Whenever I’m alone, I just close my eyes and try to find out what am I good at? Many things strike, but are later discarded after I compare them with my coterie. We all have confined our world to an idiot box and the perspectives too. This idiot box, this culprit is none other than my laptop. It has made me indolent still I haven’t mastered it and cannot proudly say I’m invincible in this field and now I loathe myself for this.
I’ve been addicted to this blockhead since I was in 9th grade yet it makes me envious of all those people who have achieved greater feats than me no matter how small they are, but then it is better than me and I say to myself “I should covet one of those skills”. I’m not just seeing its dark side but also the better part of it which involves coding and other skills. Now these skills can be your ticket to affluence.
I’m a college student and what all I do majorly depends on the laptop or let me put it this way, I’ve made it look like that I desperately need it but the truth might be different. I live with three other friends and all of them have truly different tastes and so called excellence in their fields of interest. I can owe many new interests or addictions to them.
My first roommate, he is a movie buff. I mean he has watched almost every movie and when I say every, I include foreign languages too! He has watched every TV show ever shot, at least its pilot. Once I tried to copy him and started watching movies, but after a certain point you feel what a mess, everything seems to have the same story and it’s like you just wasted like 2 hours every time you watch a movie below par ratings. He is the most sluggish friend I’ve ever made, but a very sensible one keeping in mind his knowledge of the reel world. He is very helpful and one of the most understanding people I’ve ever met. But there are some aspects unturned almost after three years, I haven’t seen him on the field once! I ought to admit deep down I envy his knowledge because I couldn’t have it, even after I tried it. He is what you call a mobile IMDB.
Other roommates are not lethargic at all. The second one is insane about music. I mean, to my knowledge he has heard every band. Now, when I say my knowledge I don’t how to explain whether it is too much or not, but one thing I know after these years, it is way more than it was. His knowledge of bands is way too much. You just say the name and he is ready with the details of it. I wouldn’t be able to name the number of songs equivalent to the number of bands with details he can. All kinds of rock bands including those from 1960s. It is hard to say how he stores all this and the thought of makes me sick and jealous. Sick because what is the need to remember and jealous of the fact, how? I blame this to that idiot box!

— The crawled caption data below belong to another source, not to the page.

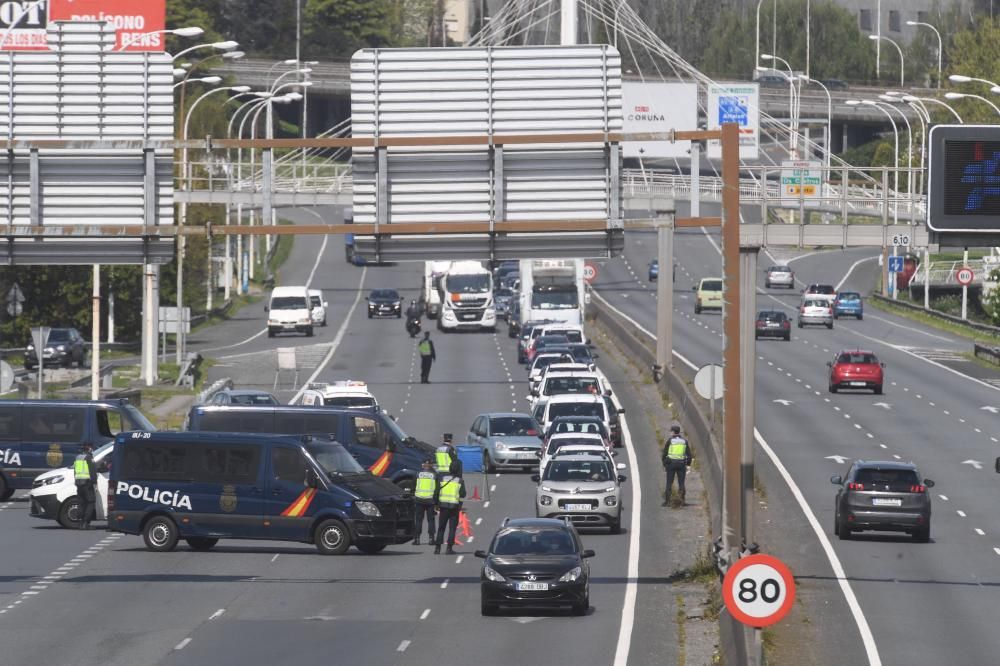 Los agentes vigilan los accesos a la ciudad y proponen multas para los infractores.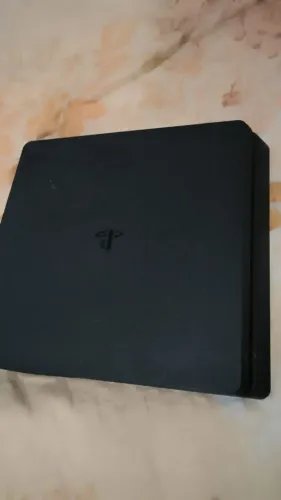 PS4 slim 1tb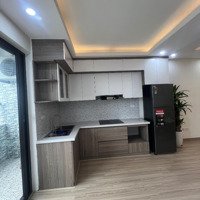 Cần Bán Căn Hộ 3 Ngủ 2 Vệ Sinh Full Đẹp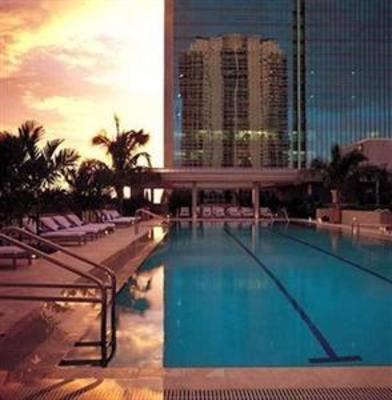 фото отеля Conrad Miami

Last roommate includes a technically sound guy. Now, finally some useful jealousy. This guy, he is the ERT of the room! Emergency response team. He is the guy you meet when you mess up your OS or when you want details of a software. He has the knowledge of every car you pick in a game like GTA, NFS or any for that matter. In addition to that he is one the best drivers I’ve ever seen. He could do things with wheels and I can barely drive them to the end of the block. Come on you all will be covetous after reading this.
My other friends are also better than me. Like this guy who goes by the alias ‘Heisenberg’ because of his name in the game COD MW 3. He is damn good and once I tried to match his level and I was so humiliated by him for my poor gaming skills! Now the fear of defeat is to such an extent that I am not playing with this guy just to prevent myself from being defeated. He is great like Buddha. He is ever smiling and I can’t remember a name hating him. After being defeated from such a guy that too in a game you are obviously devastated and at the same time you envy the skills of mouse handling! Seriously, that!

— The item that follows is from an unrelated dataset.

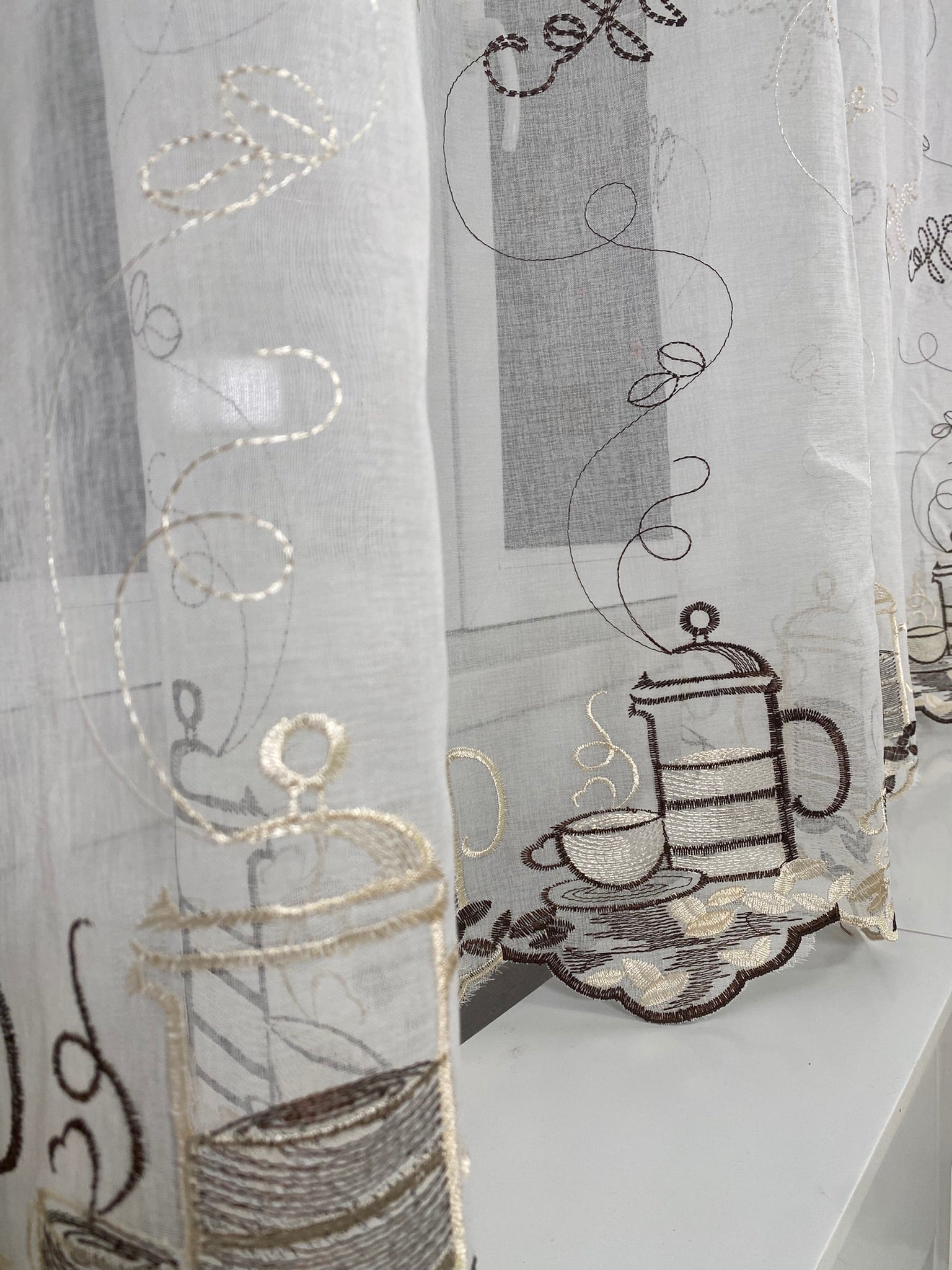 Perdea de Bucătărie Model Ceașcă de Cafea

The next one to follow is the guy who has been my friend since junior high school and he is one of the most concentrated and focused friend I met. I mailed him 8 eBooks and within a week he read all of them! God, how can you even read an eBook? At the same time he is very compromising and trustworthy, attributing to his qualities.
But, thanks to god that I’ve friends who are good at actual sports like these guys with alias ‘Jupiter’ and ‘Captain’. These guys, they are Jordan of the college basketball team! Captain even majors robotics! Oh god I feel like I’m dumb. One thing is for sure no one can match the level of sincerity of Jupiter. These guys are the perfect material to be envied.
Out of the blue, I’ve this one friend who is India’s best college, IIT Delhi. He is one of the best coders of India. The number of programming knowledge he knows is more than the count of languages I can speak. His intellect and sincerity is the only reason I don’t envy and consider him ideal to be followed. This guy is one who has always helped me and supports me morally. I can’t even think of words to explain his immense wisdom. A precious friend I ‘m blessed with.
You all might be thinking what a person I’m but that’s who I’m who is jealous of his friends, I don’t blame your perspective, I blame it on me, but to envy is to have a desire to get better to a level you consider ideal. Whenever, you feel jealous because of someone’s eminence just accept it and tell it to the person of whom you are covetous. This rules out the chance of hatred and also you get their help. A friend circle which includes people better than you is a thing to be more proud rather than being a protagonist of a bunch of half-witted.
Just this last thought drives me insane that most of the things I envy prevail because of the idiot box, ‘laptop’. If there had been no such thing like it in the world, I would have been at almost the same level to those my friends are and then possibly I could just focus on my qualities and get better in them rather than trying to gather some more. Oh! You blockhead moron you made me full of envy shit!